What does this mean for finance teams?

Firms adopting AI agents aren't doing it to replace people. They're doing it to unleash them.

When brilliant finance professionals spend their days manually processing data and formatting reports, they're not driving results that matter for the firm.

One of our customers, a partner at a firm managing over $100 billion, put it simply: "We're evaluating three times as many deals without adding headcount. Our team finally has time for the strategic work that drives returns."

Another customer in credit monitoring told us: "We used to spend 80% of our time gathering data and 20% analyzing it. Now it's reversed. The agents handle the data work. We focus on generating returns."

This is the future Gartner is seeing. It's not just about efficiency. It's about outperformance and competitiveness.

When brilliant minds spend less time on manual work and more time on strategic high-value work, better outcomes follow. More deals evaluated. Better risk management. Faster response to market changes. Stronger returns.

What to expect over the next year and beyond

Gartner's 40% adoption prediction for 2027 might actually be conservative.

The institutions moving first are seeing such dramatic outcomes that competitive pressure will drive broader adoption faster.
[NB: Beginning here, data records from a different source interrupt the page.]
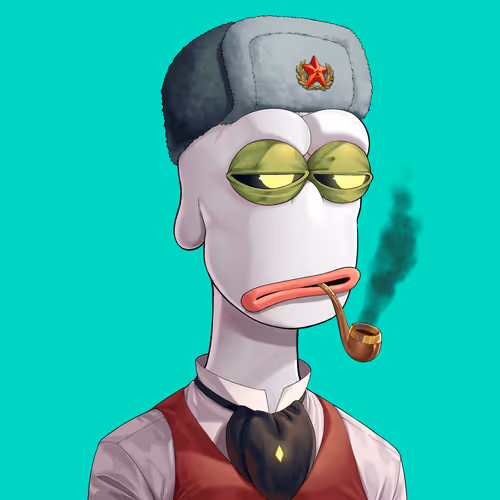 Rare Apepe #8399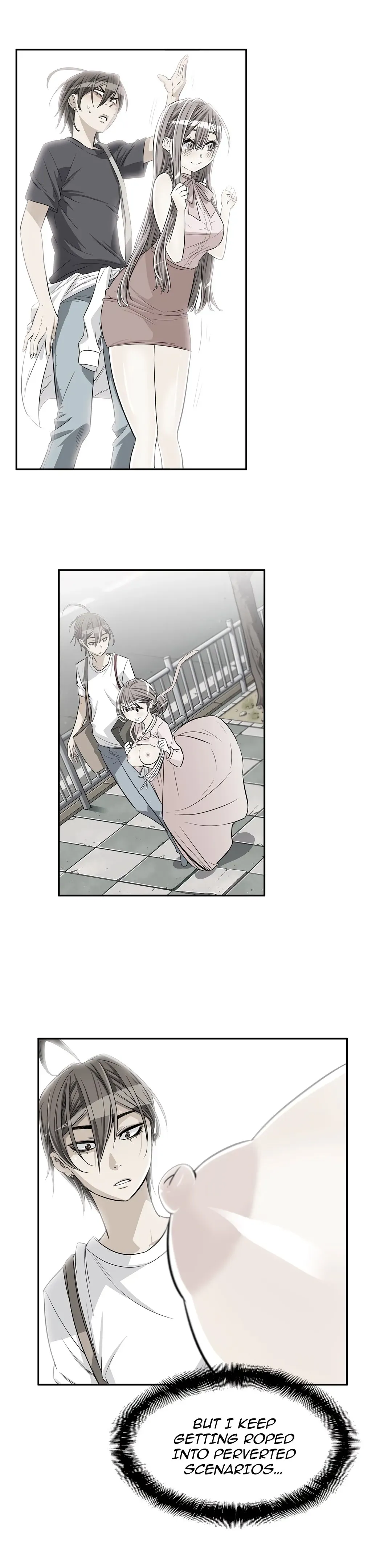 Read Byeontae Club chapter 29 image 12 on Lezhin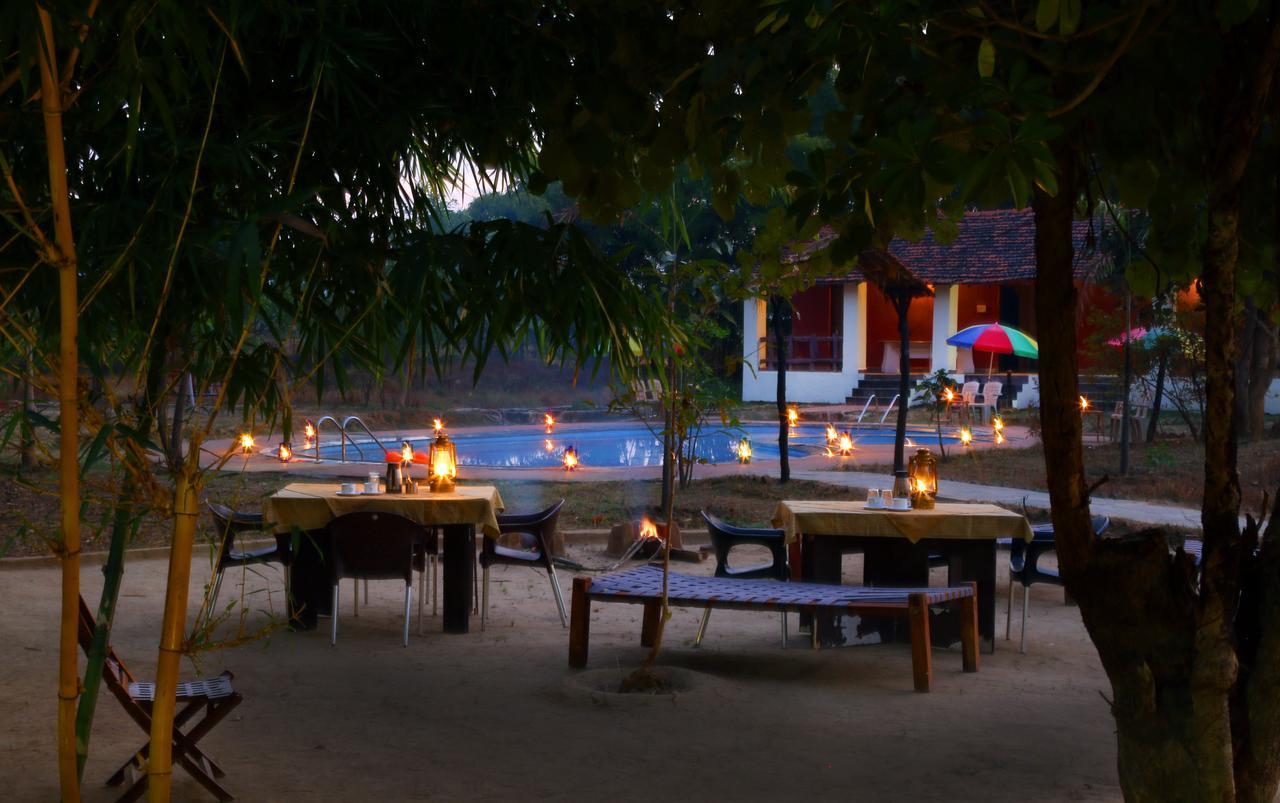 Mogli Resort Kānha Exterior photo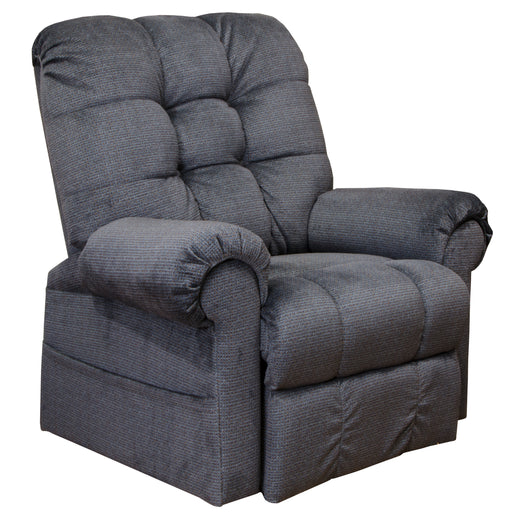 Omni Powr Lift Chaise Recliner Full Lay-Out - homePLUS (Binghamton, NY)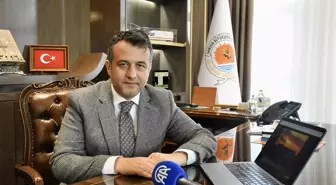 Samsun Büyükşehir Belediye Başkanı Doğan, AA'nın 'Yılın Kareleri' oylamasına katıldı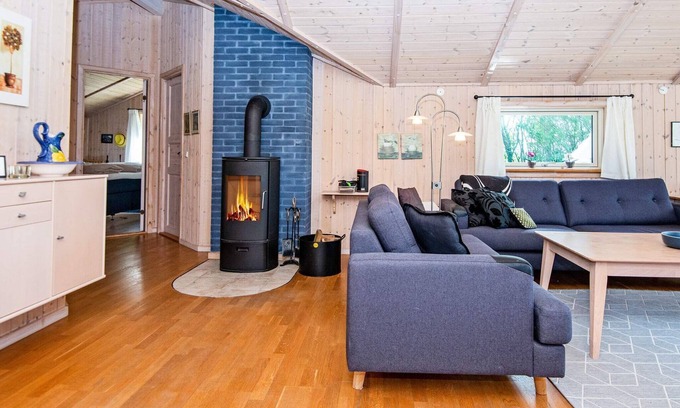 Bork Havn House | Family-Friendly 6-Person Holiday Home in Hemmet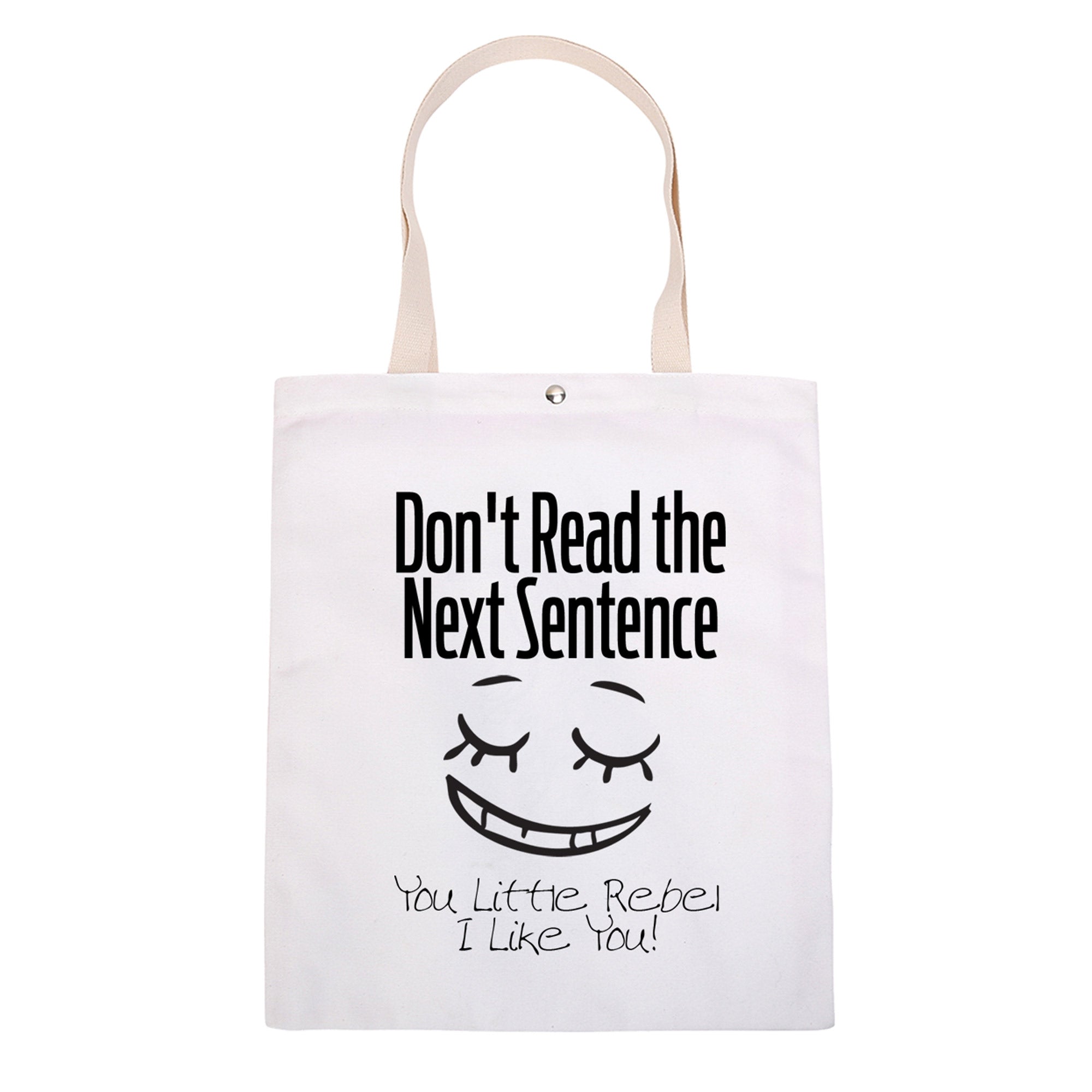 Tote: Next Sentence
If your competitors are evaluating 3x more deals with the same team size, you can't afford to stick with what worked yesterday.

At Auquan, we're building for that future. 

→ New agents launching for credit, risk, sustainability, and reconciliation

→ Deeper integrations with the data systems institutions already use

→ More sophisticated reasoning capabilities for complex edge cases

But technology is only part of the story. The bigger shift is cultural: finance teams learning to delegate entire workflows to AI, not just individual tasks.

The teams making that shift now will have a decisive competitive advantage.

Being named a Gartner Cool Vendor validates what our customers already know: finance doesn't run on AI prompts. It runs on finished work.

The question isn't whether AI agents will transform institutional finance. Gartner says they will. Our customers prove they already are.